▸ Exercise details
Retype the data exactly, skipping any picture in it.

▸ Data section
# # # #

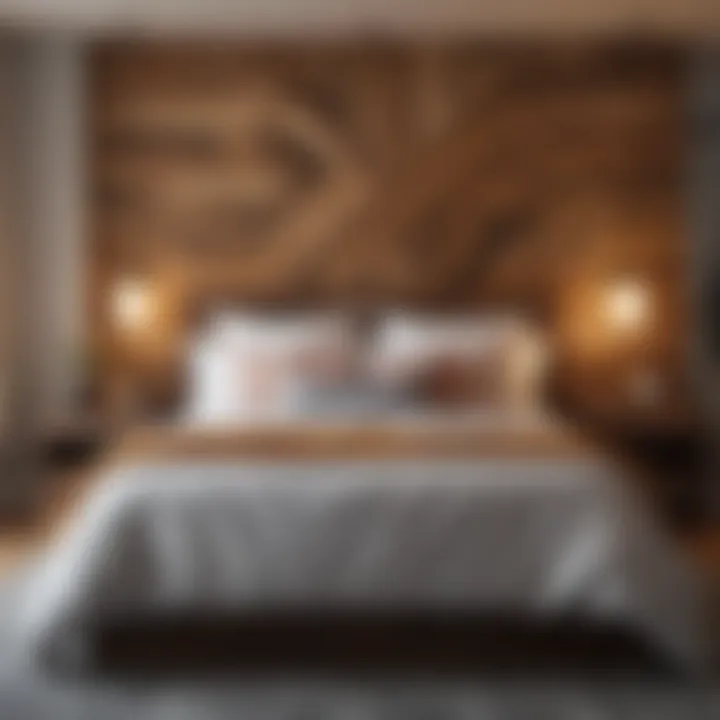 Reclaimed wood accent wall behind bed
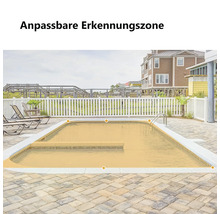 Außenbereich mit Swimmingpool und Markierung einer anpassbaren Erkennungszone für Sicherheitskameras auf der Wasseroberfläche.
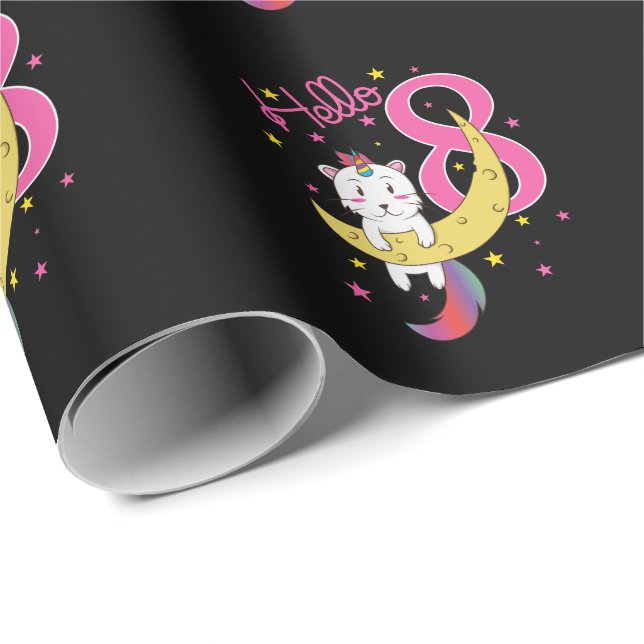 Hello 8 Cat Einhorn Mond Cheese Wrapping Paper (Roll Corner)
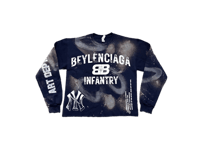Image 1 of  Beylenciaga Infantry Beyonce NY Art dept custom screen print navy blue/white bleached sweatshirt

# # # #

▸ Task response
 Reclaimed wood accent wall behind bed
 Außenbereich mit Swimmingpool und Markierung einer anpassbaren Erkennungszone für Sicherheitskameras auf der Wasseroberfläche.
 Hello 8 Cat Einhorn Mond Cheese Wrapping Paper (Roll Corner)
Image 1 of  Beylenciaga Infantry Beyonce NY Art dept custom screen print navy blue/white bleached sweatshirt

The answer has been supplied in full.